Sunday, November 3, 2013
Gravity is a 2013 drama (well, is it a drama? I guess you can’t call it anything else really) by the badass Mexican director Alfonso Cuaron. I hedge in calling it a drama because this movie is one of those rare flicks that is more of an experience than a movie. It’s not a story. There’s no arch, no character development (I mean, not really), no protagonist or antagonist. The best way I can explain it is like this. You know those moments in some dramas and thrillers where there is a really tense moment of escape or attempted escape? The train car is filling with water and it is slowly engulfing our hero and seems just shy of snuffing him/her out, when, bam, they find a way and escape.
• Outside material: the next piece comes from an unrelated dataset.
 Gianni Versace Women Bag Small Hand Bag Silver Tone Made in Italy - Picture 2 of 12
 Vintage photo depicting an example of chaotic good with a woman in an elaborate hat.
You know the moments I’m talking about.
Well, imagine if that moment was the entire movie. Trust me, I’m not saying anyone escapes, by the way, but the whole movie is a small group of people trying to escape a sudden horror that has befallen them. A small group of scientists and astronauts are doing their thang remotely via a shuttle while the rest of their team is back at the space station. While they’re getting their space walk on there is an explosion that fills the sky with debris. The explosion gives the debris propulsion and it is flying right at them and tears their shit up. Most die immediately and Sandra Bullock and George Clooney’s characters are sent adrift. What does one do when they are flung off into space where there is no friction and nothing to grab onto? Hell, for a decent chunk of the movie Sandra Bullock’s character is literally flipping end over end and can’t stop doing so. With no communication equipment, no way to contact home, no shuttle, no landing equipment, no protection or maps, etc, how does one keep the myriad of things in space that want to kill you, from killing you? To make matters worse, Clooney’s character estimates that, given the speed and mass of the debris that it will take roughly 90 minutes before it goes around the earth and comes back to them and tears them a new space hole. Guess how long the movie is?
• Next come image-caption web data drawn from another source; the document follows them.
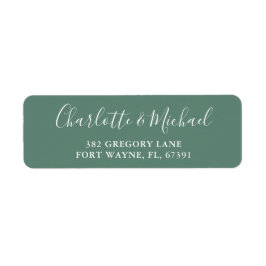 Eucalyptus Groen Modern Schrift Retouradres Etiket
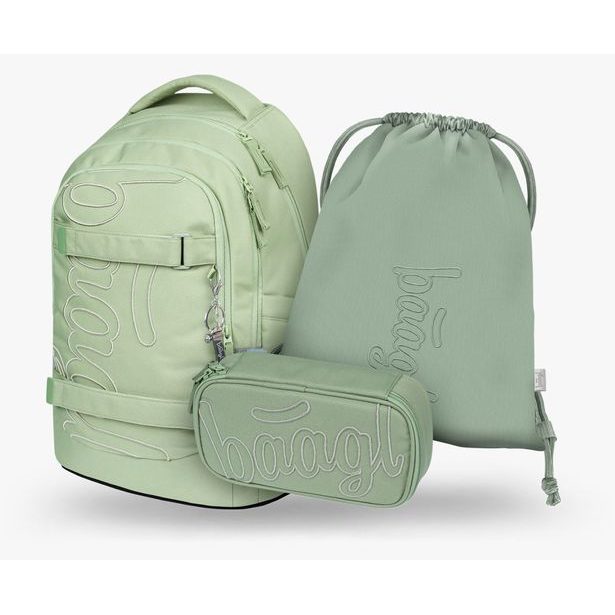 BAAGL SET 3 Skate max Mentol: batoh, penál, sáček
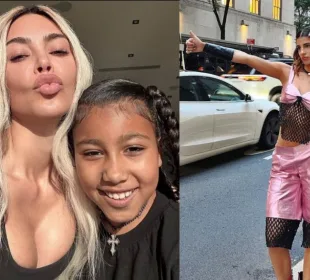 Mar de Regil y Kim Kardashian con su hija North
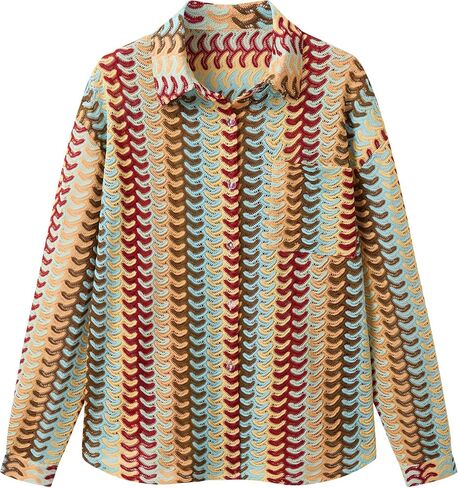 ZAFUL Womens Beach Cover Up Summer Lightweight Cardigans Crochet Boho Swimsuit Cover Up Long Sleeve Cardigans Beach Wear in Kuwait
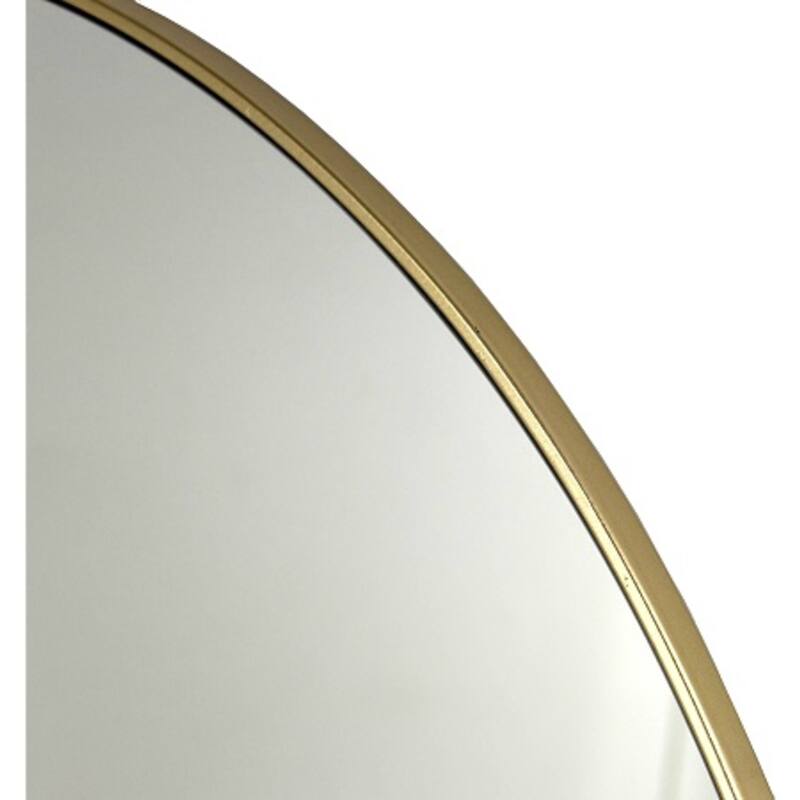 Round Mirror Gold 57cm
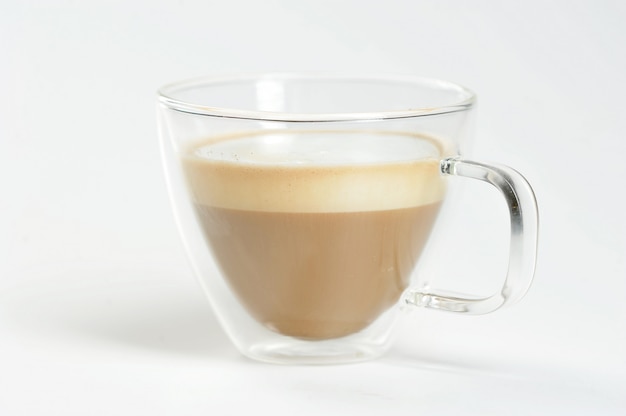 Cappuccino in a transparent Cup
This movie is truly an experience. Cuaron does a mindblowing job of creating feeling and tension. I have never watched a movie that made me feel more stressed and on the edge of my seat, so to speak. From the first second to the last it is truly intense. There really is no other word to describe it. It is one of those rare thrillers where I felt it was perfectly possible that none of them would make it. Cuaron uses everything to help create this feel. For example, there is no sound in space. Imagine the possibilities there. The characters can’t use sound to know if anything is hurtling at them, ready to punch a hole right through them, and they can’t exactly see much, since, well, they’re wearing space helmets. Know what I mean? They use the lack of friction to scare you, the gravity, the speed of orbit and on and on. Every single frame of this movie is meticulously designed to be straight up intense. Damn, it’s good. If you want a movie about the beauty of space, skip it, but if you want your pants scared right off, then this is your joint.